This article originally appeared in Supply Chain Technology News. Click Here to access the original article. 

The retail industry faces a growing challenge in managing the billions of products consumers return every year. These returns can result in both financial losses as well as potential negative environmental impact such as waste. With the increase in online shopping, return rates have increased exponentially. As painful as it is for retailers, returns have been absorbed as a cost of doing business and until recently, the environmental impacts have been ignored.

Reverse logistics is used to describe the way a company handles products that get shipped backward through the supply chain. Customer returns are a form of reverse logistics, but so is the unsold merchandise sent back from a store.

The challenge is that reverse logistics is complex and unpredictable. Items come back to the retailer in an assortment of conditions and retailers have little information about which products will be returned or become overstock. Numerous retailers still use a manual system to track and manage returns. Without physical and operational capacity, the majority of returned products are liquidated, returned to the manufacturer or discarded. It is not uncommon for a manufacturer to instruct retailers to dispose of a returned product on-site for cost or brand protection reasons.

New innovative technology offers retailers a solution. There is inventory management technology that can determine the best channel for an item once it returns to the warehouse. Additionally, the inventory management technology allows retailers to quickly process and track merchandise, boosting efficiency and helping to keep items out of landfills.

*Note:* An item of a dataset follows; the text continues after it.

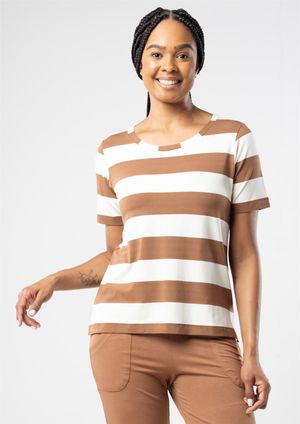 Blusa Pau a Pique Listrada Marrom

With the inventory management technology, one channel that can be utilized by companies is to donate returns and overstock products to charitable intermediaries. It is typically more cost-effective for companies to donate the products instead of liquidating or disposal. Donations of returns and overstock provide invaluable assistance to those in need.

A charitable intermediary is a nonprofit organization that collects donated products from corporations and disperses them to qualified charities in need. Charitable intermediaries specialize in handling every aspect of product donations, including providing a set of professional services that make the entire process as easy as possible for the corporate donor.

The IRS 170(e) tax code allows corporations to receive significant tax benefits by donating goods to qualified nonprofit organizations including charitable intermediaries. In many cases, the enhanced deduction is double when compared to disposal.

In addition to the financial benefits reverse logistics can provide, there is also the element of establishing a good reputation in the eyes of the corporation’s customers and society at large. Corporations that are embracing both green initiatives and charitable initiatives often experience added esteem by customers and society.

Reverse logistics is a lot like recycling. It allows companies to resell, refurbish or repurpose products. If a product is being returned in good shape and isn’t faulty, the product can be donated to a charitable intermediary. Reverse logistics keeps more goods out of the landfills and in circulation to help organizations and communities in need among many other benefits.